ConSurf-DB is a database of pre-calculated ConSurf conservation profiles covering, in essence, all protein structures in the PDB . We present here a new release of the database which now covers 80,479 protein structures. Table 1 provides ConSurf-DB statistics. A ﬂowchart of the updated ConSurf-DB methodology is shown in Figure 1. A four-step procedure was used to construct ConSurf-DB: 1. The first step involved scanning of the PDB repository to generate a protein sequence list according to the PDB entry and chain ID. Non-redundant structures were extracted from the list using the PISCES webserver ; 2. A unique procedure was used for building an MSA for each protein, which balanced the need for sequence diversity while avoiding the inclusion of non-homologues as much as possible. For that we relied as much as possible on the SWISSPROT database , a small curated database of annotated proteins, and referred to the larger and noisier Uniref90 database  only when necessary. Initially a CS-BLAST  search against the SWISSPROT database was conducted with the goal of detecting at least 50 unique hits. In cases of failure to meet the threshold, we searched the Uniref90 database using CS-BLAST, and CSI-BLAST with 3 iterations. The list of collected homologues was subsequently filtered by coverage (minimum 80%), and sequence identity (between 60-95%). The remaining homologues were filtered again using CD-HIT with 90% sequence identity clustering threshold. The decision on whether to proceed with the search for homologues or abort and move to the next step was based on the number of sequences after filtration. An MSA of the homologues was constructed using MAFFT ; 3. Conservation calculation: the MSA was used to build a phylogenetic tree using the neighbor-joining algorithm  as implemented in the Rate4Site  program. Position-specific conservation scores were computed using the Bayesian algorithm  and JTT evolutionary substitution model ; 4. Results formatting: continuous conservation scores were divided into a discrete scale of nine grades for visualization, from the most variable positions (grade 1) colored turquoise, through intermediately conserved positions (grade 5) colored white, to the most conserved positions (grade 9) colored maroon. Finally, the conservation scores were projected on the protein structure and the MSA for visualization.
Figure 1. A ﬂowchart of the process used to construct ConSurf-DB. A four-step procedure was used: scanning the PDB, building MSA, calculating the conservation scores and formatting the results.
ConSurf-DB provides the biologist with a pre-calculated conservation profile of proteins of interest, allowing instantaneous initial evaluation of the results.
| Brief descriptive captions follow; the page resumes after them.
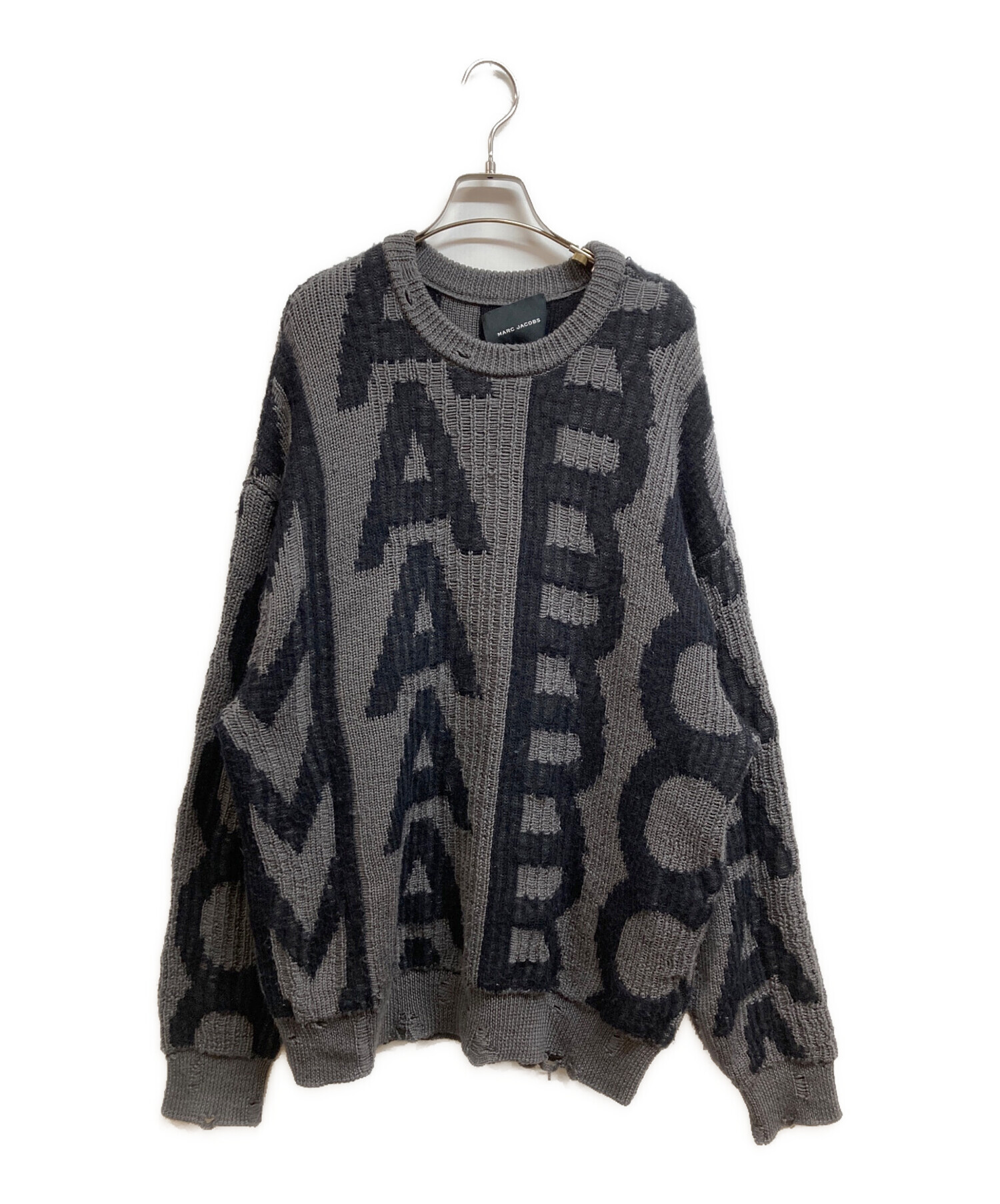 MARCJACOBS マークジェイコブス セーター S 限定 レア - MARC JACOBS 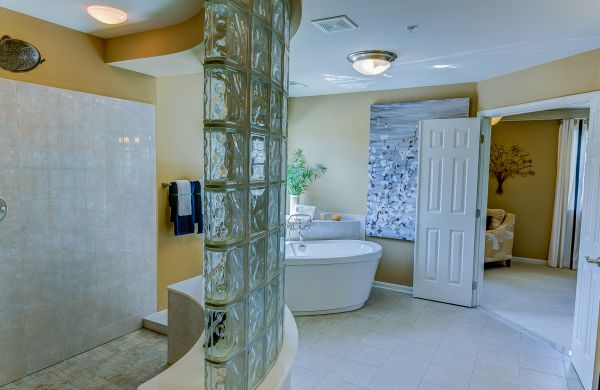 Basement Bathroom Renovation in Andover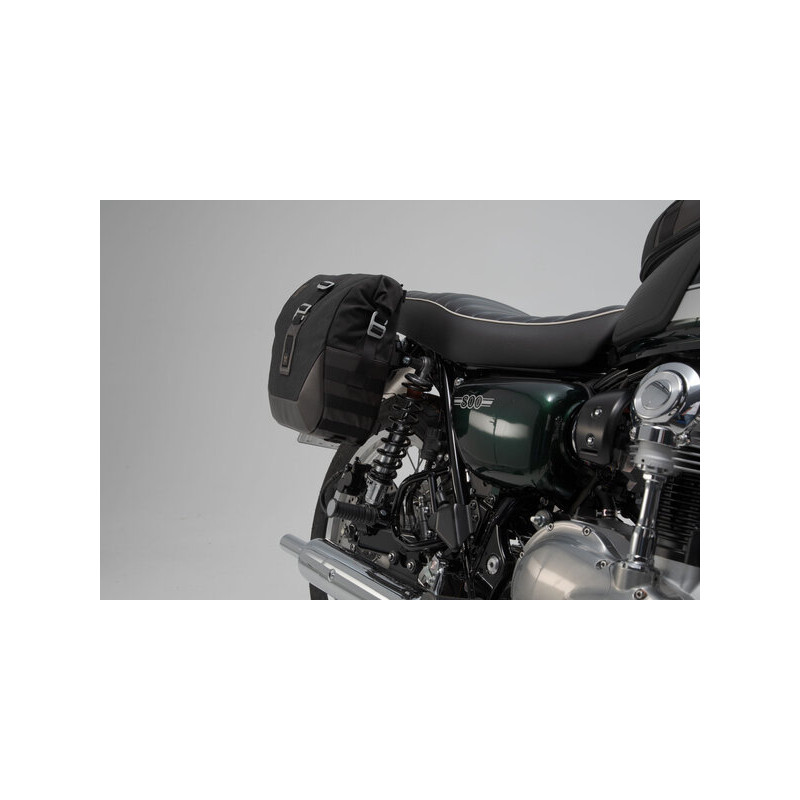 Pack Valises Latérales SW-Motech Legend Gear pour W 800 (18-22)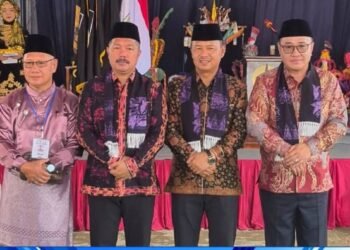 Wako Alfin Hadiri Kenduri Sko Mariwok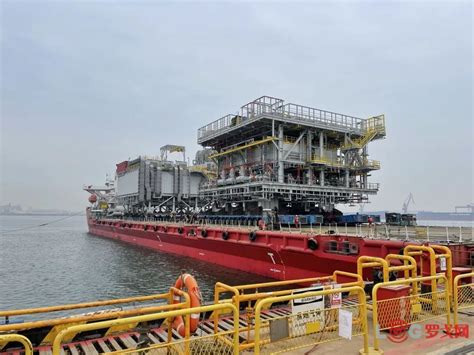 中远海运工程成功中标巴西石油海工模块运输项目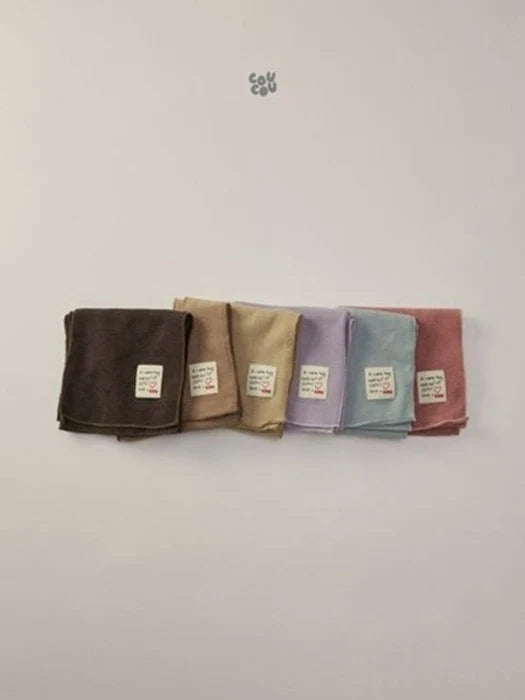 Preorder Cou Knit Muffler
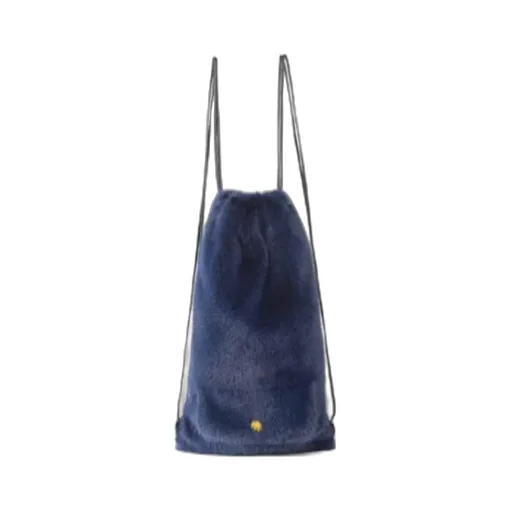 Plush Backpack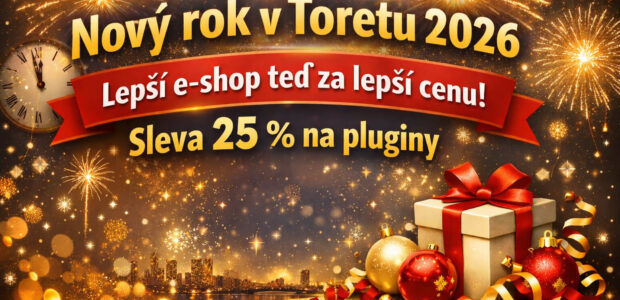 Toret akce 2026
An advanced homologues selection process was used, designed to improve over ordinary ConSurf runs with default parameters. This makes ConSurf-DB a preferred tool for initial investigation of proteins. Additionally, ConSurf-DB is linked to other databases and interactive tools. One example is Proteopedia , where the ConSurf-DB colored structure can be visualized interactively in Jmol on the same page with the structure publication title and abstract, identification of ligands and non-standard residues, and other information. Other examples are the PDBsum  and MarkUs , a server to navigate sequence-structure-function space. Please note: convenient as ConSurf-DB is, it is important to remember that it should be possible to further improve the results for a particular protein of interest with the use of tailor-made procedures for homologues detection, manual selection of homologues (made easy in the ConSurf web-server), as well as other means to reconstruct the alignment or phylogeny.